* **Supplied records**

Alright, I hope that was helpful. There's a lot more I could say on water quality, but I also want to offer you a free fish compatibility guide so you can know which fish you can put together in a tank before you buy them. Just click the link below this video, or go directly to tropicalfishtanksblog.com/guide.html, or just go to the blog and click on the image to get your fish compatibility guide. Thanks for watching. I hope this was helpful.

...

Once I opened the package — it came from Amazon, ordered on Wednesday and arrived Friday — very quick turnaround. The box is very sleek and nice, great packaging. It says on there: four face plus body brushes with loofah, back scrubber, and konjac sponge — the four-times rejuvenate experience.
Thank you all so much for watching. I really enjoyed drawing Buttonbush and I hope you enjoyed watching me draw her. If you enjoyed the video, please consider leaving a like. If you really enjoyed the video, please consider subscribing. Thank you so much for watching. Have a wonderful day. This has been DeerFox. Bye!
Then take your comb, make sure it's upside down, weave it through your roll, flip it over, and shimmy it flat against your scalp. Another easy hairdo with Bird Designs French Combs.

* **Prompt**
Only one stretch of the data above is needed. Restate it word for word, from the line containing "Thank you all" through the line containing "Then take your", both ends included.

* **Problem solution**
Thank you all so much for watching. I really enjoyed drawing Buttonbush and I hope you enjoyed watching me draw her. If you enjoyed the video, please consider leaving a like. If you really enjoyed the video, please consider subscribing. Thank you so much for watching. Have a wonderful day. This has been DeerFox. Bye!
Then take your comb, make sure it's upside down, weave it through your roll, flip it over, and shimmy it flat against your scalp. Another easy hairdo with Bird Designs French Combs.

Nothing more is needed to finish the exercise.